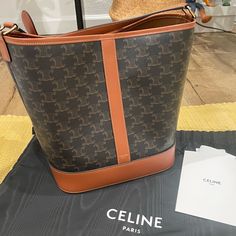 It’s Basically New. Never Worn Other Than Trying On At Home. I Have Receipt And Tag. Comes With Dust Bag. 9 X 11 X 7 In (24 X 27 X 18 Cm) Celine Canvas Bucket Bag, Elegant Brown Bag With Lined Interior, Celine Bucket Bag, Cell Phone Holster, Soft Cooler, Phone Holster, Celine Bags, Walker Boots, Garment Bags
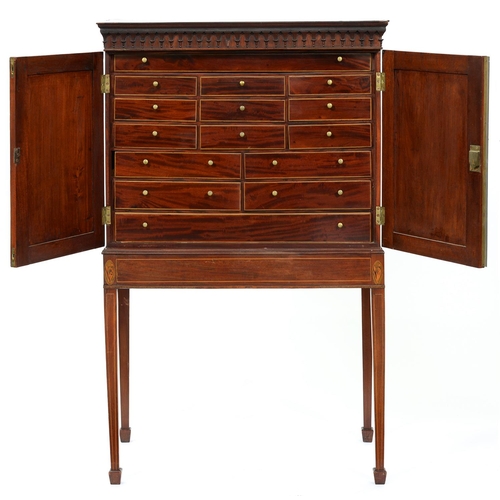 1275 - A George III mahogany collector's cabinet, crossbanded and line inlaid, with pear drop frieze and fi... 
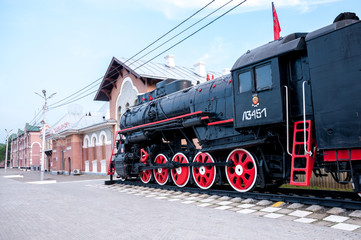Russia, Blagoveshchensk, July 2019: Monument of an old steam locomotive at the railway station of the city of Blagoveshchensk in the summer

Task item.
What is needed is an exact copy of the lines from the line with "1275 - A George" to the end of the data above, both included, without any pictures.

Task solution.
 1275 - A George III mahogany collector's cabinet, crossbanded and line inlaid, with pear drop frieze and fi... 
Russia, Blagoveshchensk, July 2019: Monument of an old steam locomotive at the railway station of the city of Blagoveshchensk in the summer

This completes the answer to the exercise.